- _TASK PROMPT_: Write out each record in full and exactly as given. Skip any pictures.
━━━━━ TASK INPUTS
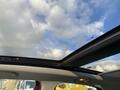 The interior view of a 2015 Fiat 500L showcasing a panoramic sunroof with a clear sky visible above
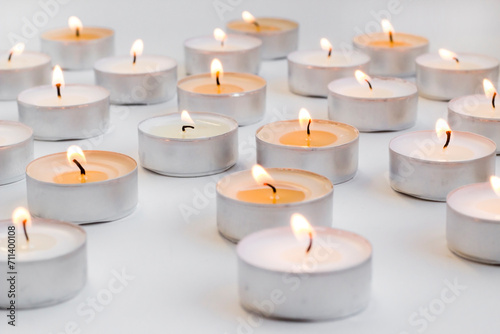 Tableau sur toile Many small round candles,tealight burns on a white background,conceptual image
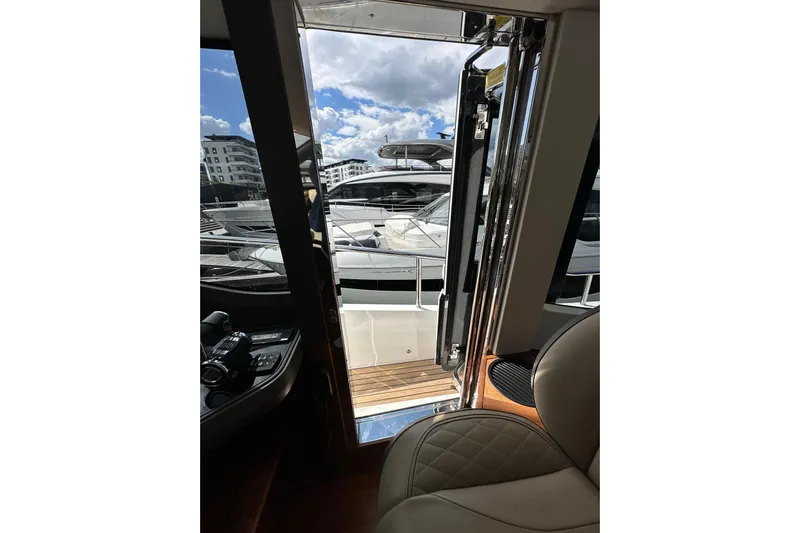  Yacht Photos Pics Interior view of 2022 Princess Y72 yacht, showcasing luxurious seating and marina backdrop.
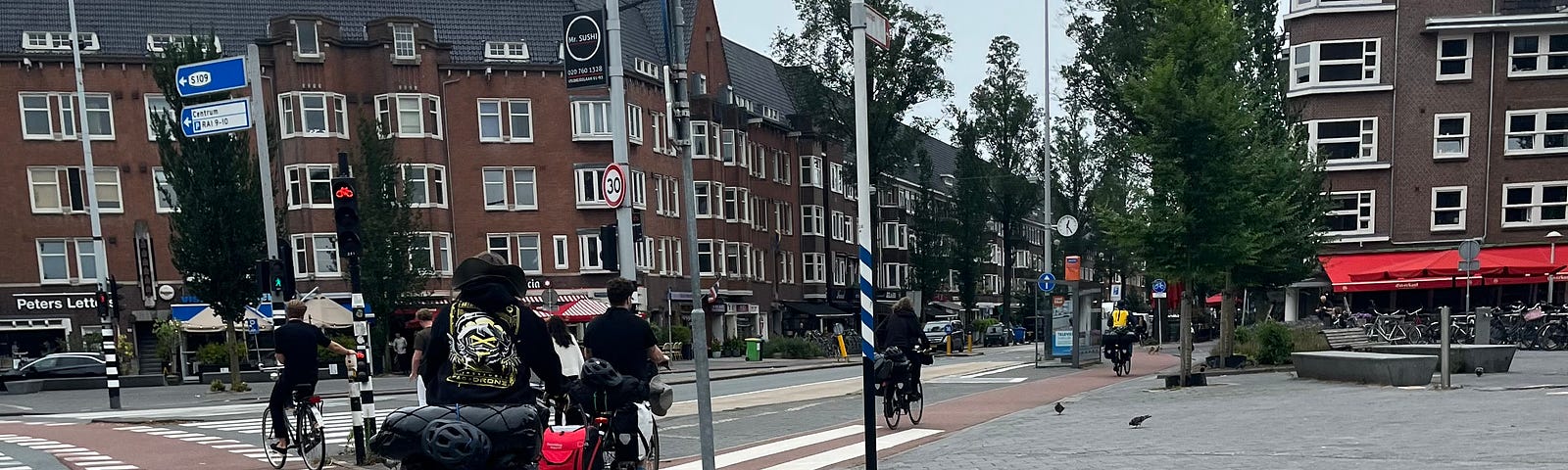 Four bikes ride through the streets of Amsterdam. One has a dog trailer attached.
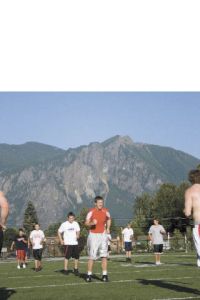 Mount Si High School grad Michael Smart works out with Valley high school students on Tuesday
━━━━━━━━━━
- _ANSWER SECTION_:
 The interior view of a 2015 Fiat 500L showcasing a panoramic sunroof with a clear sky visible above
 Tableau sur toile Many small round candles,tealight burns on a white background,conceptual image
  Yacht Photos Pics Interior view of 2022 Princess Y72 yacht, showcasing luxurious seating and marina backdrop.
 Four bikes ride through the streets of Amsterdam. One has a dog trailer attached.
 Mount Si High School grad Michael Smart works out with Valley high school students on Tuesday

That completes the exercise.